I can think of a few ways this could be handles:

  • Negated type bounds: Allow defining both impl<E> ... where E: Display and impl<E> .. where E: !Display. This is a workable solution, but for cases like my example it isn’t very ergonomic or elegant.
  • Specialization: I think (although I’m not 100% sure) that the accepted specialization api would provide a way to do this (using default implementations). But like negated type bounds, it isn’t terribly ergonomic since the entire implementation would have to be written out for both conditions.
  • Have a built in macro or syntax for such conditions. I don’t think this is likely to happen.
  • Allow defining macros that can use type information. If you could write a macro (either procedural or declaritive) that had information about the actual type of E during monomorphization, then it would be possible to define a macro like if_implements!(E: Display { ... } else { ..}). This is probably the most general solution, since it would allow other compile-time conditions as well, and allow more expermentation in macros without having to make changes to the language. However, I have no idea how feasible it is to support macros with type information.


Specialization should be able to cover this.


… and AFAIK macro processing occurs during AST formation, before type information is available.


Yes, this is handled through specialization with two impls: one for Error<E> and one for Error<E: Display>.


macro processing occurs during AST formation, before type information is available

yes, I’m aware of that. in order to implement the if_implements macro, a new type of macro that is evaluated after type information is available. Having the ability to write such macros would allow other things like automatic delegation and compile-time dependency injection that can’t be done currently.

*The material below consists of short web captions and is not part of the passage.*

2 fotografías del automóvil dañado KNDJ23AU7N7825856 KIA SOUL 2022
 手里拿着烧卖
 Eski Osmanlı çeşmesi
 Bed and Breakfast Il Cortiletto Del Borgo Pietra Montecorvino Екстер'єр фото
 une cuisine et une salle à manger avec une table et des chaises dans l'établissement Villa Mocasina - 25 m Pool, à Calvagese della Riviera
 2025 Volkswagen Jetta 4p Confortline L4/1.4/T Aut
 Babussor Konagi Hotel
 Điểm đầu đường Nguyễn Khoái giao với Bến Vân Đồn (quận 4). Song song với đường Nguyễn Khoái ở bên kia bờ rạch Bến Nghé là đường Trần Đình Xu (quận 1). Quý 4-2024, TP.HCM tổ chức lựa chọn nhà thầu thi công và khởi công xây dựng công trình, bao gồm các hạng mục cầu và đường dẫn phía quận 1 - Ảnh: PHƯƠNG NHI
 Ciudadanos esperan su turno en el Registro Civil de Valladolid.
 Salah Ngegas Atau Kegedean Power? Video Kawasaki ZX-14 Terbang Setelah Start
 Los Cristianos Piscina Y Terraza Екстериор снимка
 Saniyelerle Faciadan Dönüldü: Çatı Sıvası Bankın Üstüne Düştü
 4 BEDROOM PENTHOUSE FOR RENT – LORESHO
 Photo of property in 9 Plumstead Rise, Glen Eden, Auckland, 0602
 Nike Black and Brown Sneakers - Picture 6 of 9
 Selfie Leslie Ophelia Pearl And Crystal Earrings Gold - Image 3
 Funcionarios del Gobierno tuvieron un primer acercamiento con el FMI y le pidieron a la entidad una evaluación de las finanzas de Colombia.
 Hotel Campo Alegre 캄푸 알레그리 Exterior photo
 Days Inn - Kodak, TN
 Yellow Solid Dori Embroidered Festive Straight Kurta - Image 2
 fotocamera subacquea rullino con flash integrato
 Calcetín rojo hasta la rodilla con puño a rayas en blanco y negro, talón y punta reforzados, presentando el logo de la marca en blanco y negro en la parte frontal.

So does this new type of macro, which presumably executes a deferred segment of previously-generated AST, run in HIR or in MIR? Does it trigger recursion from MIR to HIR, or do you need it to generate more AST and recur to a yet-earlier point in the compiler? What is the overall impact of this augmented compiler flow path on the compiler data structures?

Addendum: Might it be possible to experiment with this piecemeal via compiler plugins?


The macro thing is not relevant here. The OP says it’s just an example syntax. Please don’t drop a pile of compiler jargon on the poor thing for no reason.

What the OP is asking for is generic specialization, which is blocked on a formal proof of parts of the type system.